- **Data shown**:

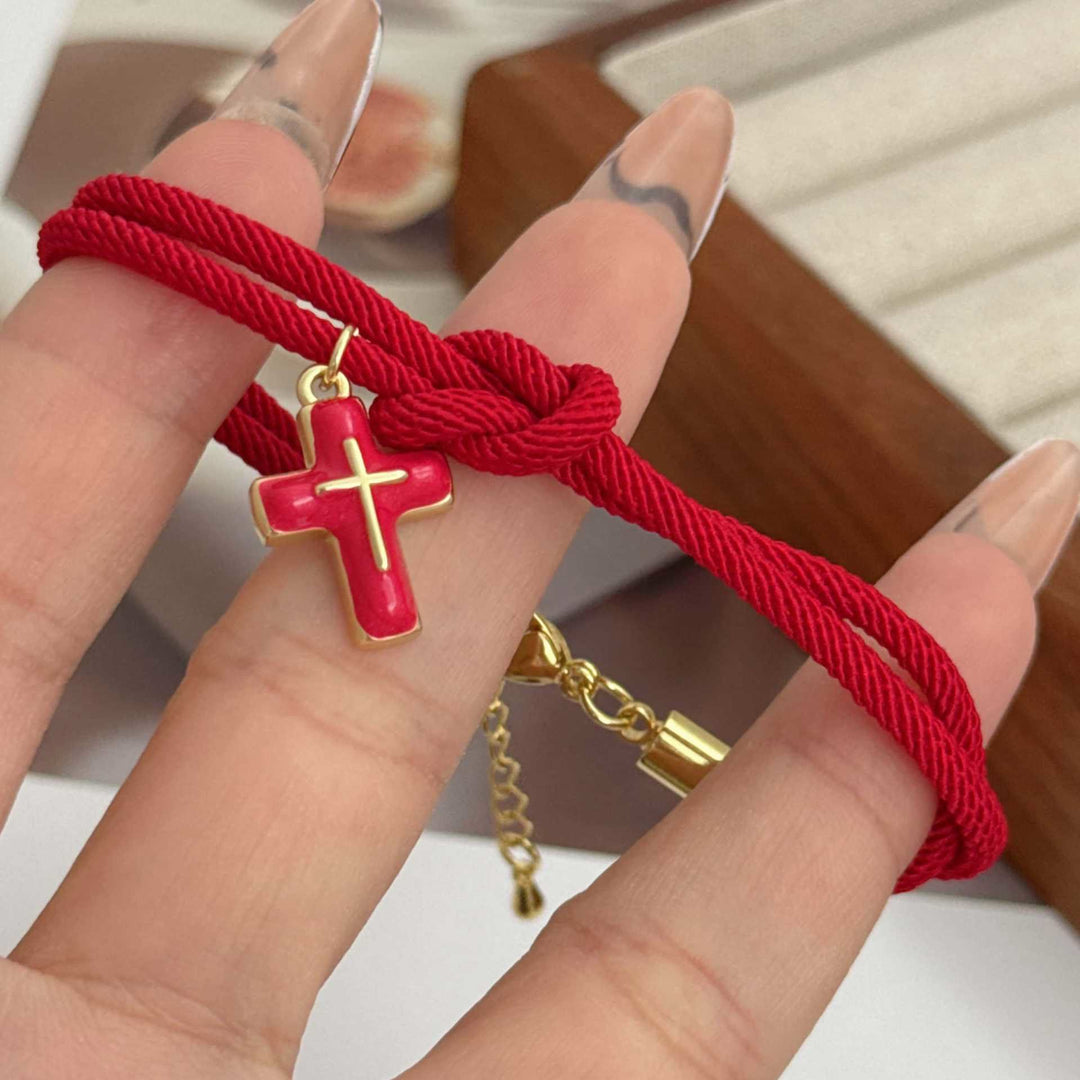 Christianartworkshop Armband mit Kreuzanhänger aus weich geknoteter Kordel: Symbol sanften, himmlischen Trostes - Rot - image 4
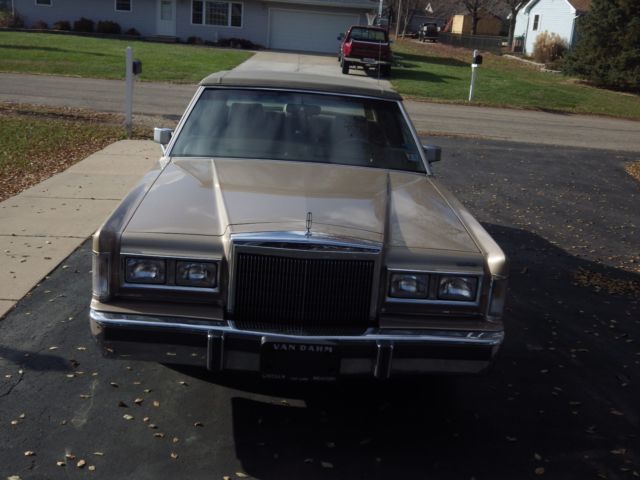 1988 Lincoln Town Car Signature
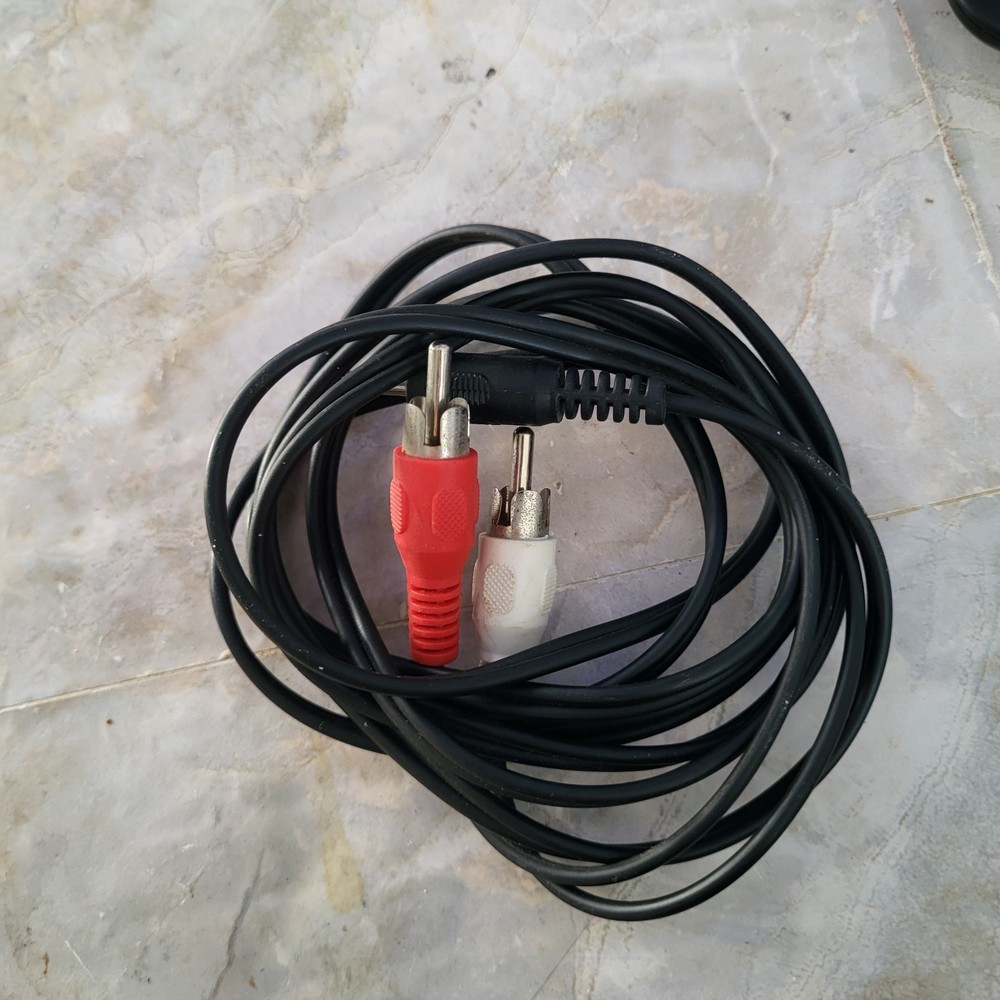 NEW High Quality AUX to RCA Cable (69")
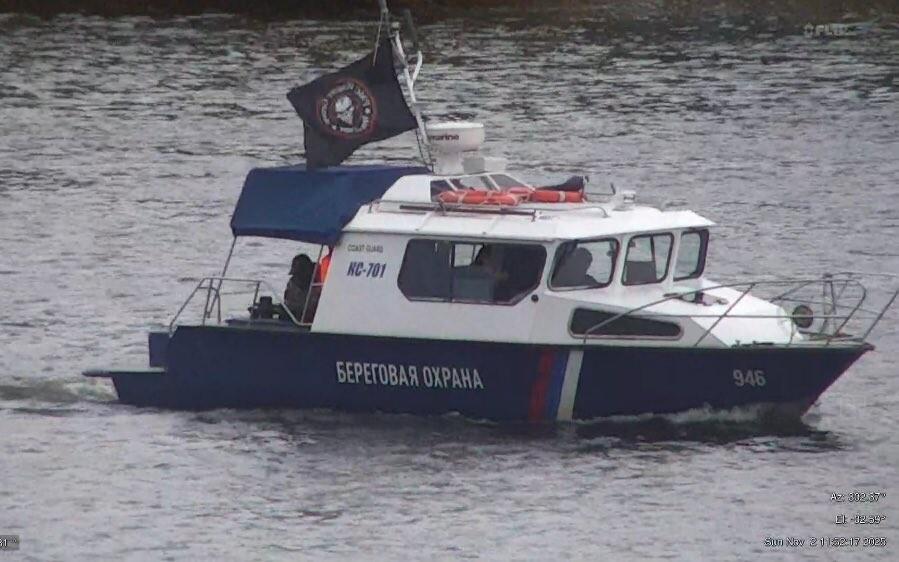 Vene piirivalvekaater Wagneri lipuga Narva jõel.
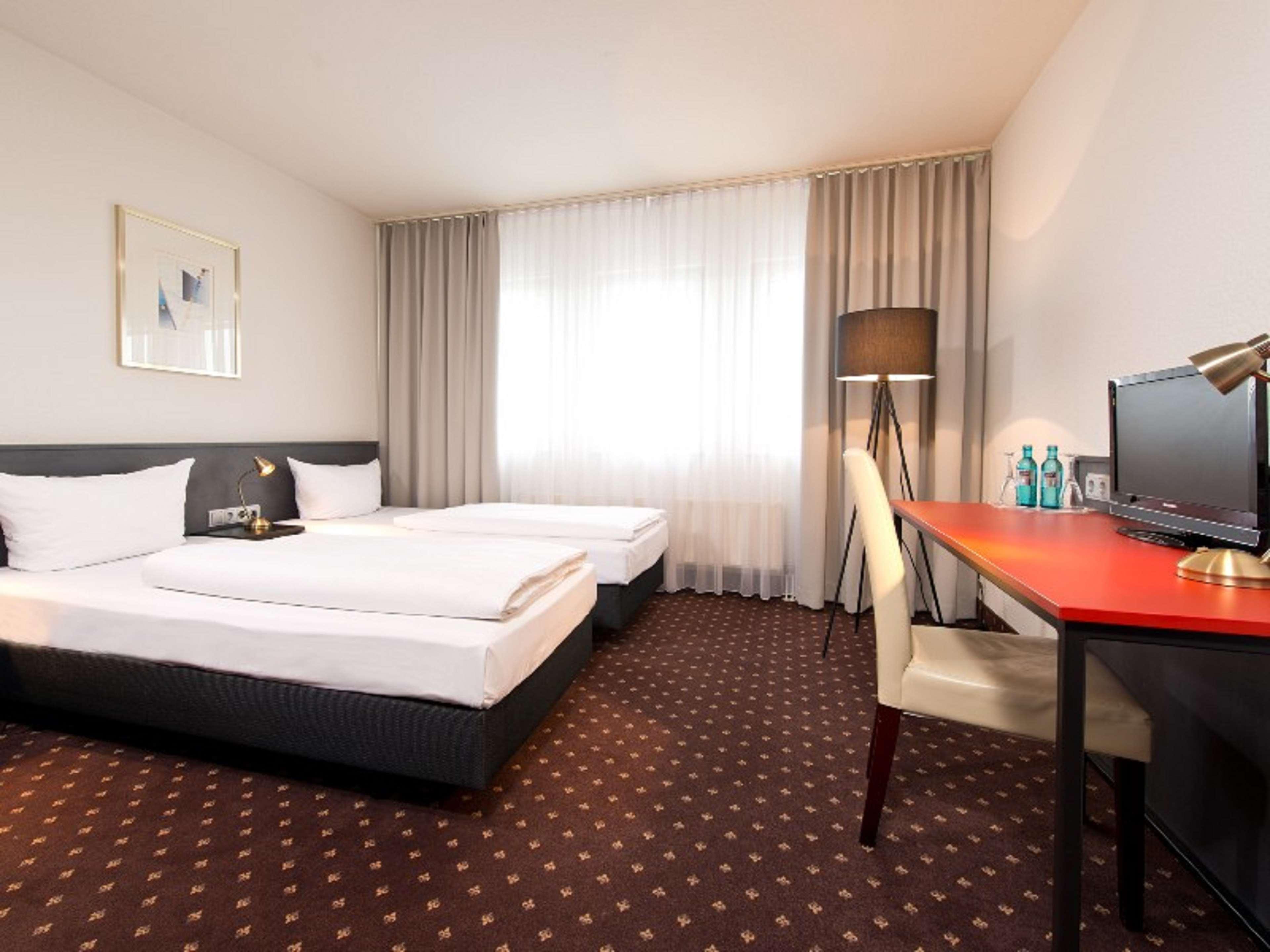 Achat Hotel هوكنهايم المظهر الخارجي الصورة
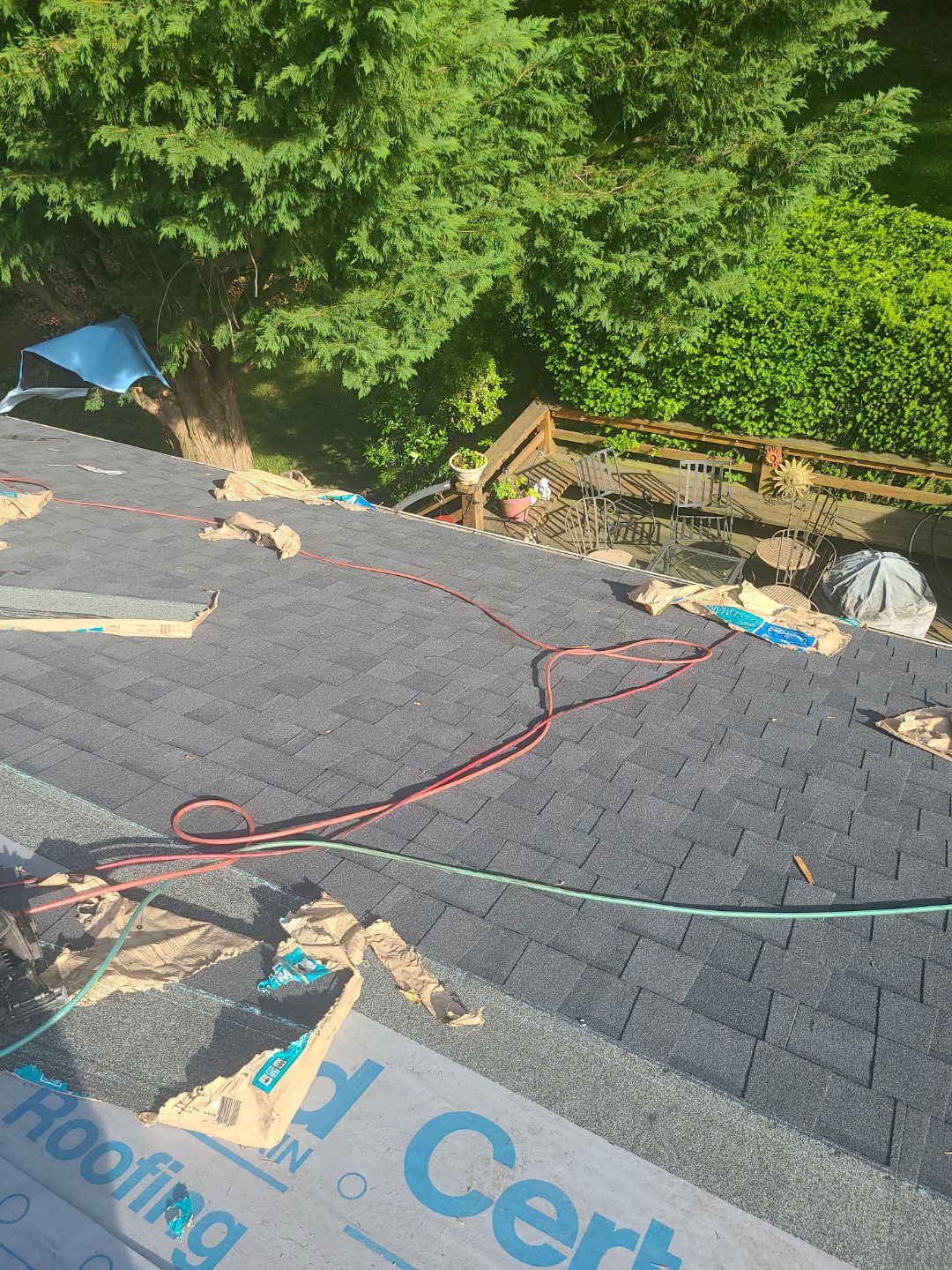 Burke: CertainTeed Landmark Designer Shingles in Moire Black by RM Banning, Inc.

- **Your instructions**: Set down, word for word, only the lines running from the line with "Vene piirivalvekaater Wagneri" through the final line of the entries above, omitting all pictures.

- **Result**:
 Vene piirivalvekaater Wagneri lipuga Narva jõel.
 Achat Hotel هوكنهايم المظهر الخارجي الصورة
 Burke: CertainTeed Landmark Designer Shingles in Moire Black by RM Banning, Inc.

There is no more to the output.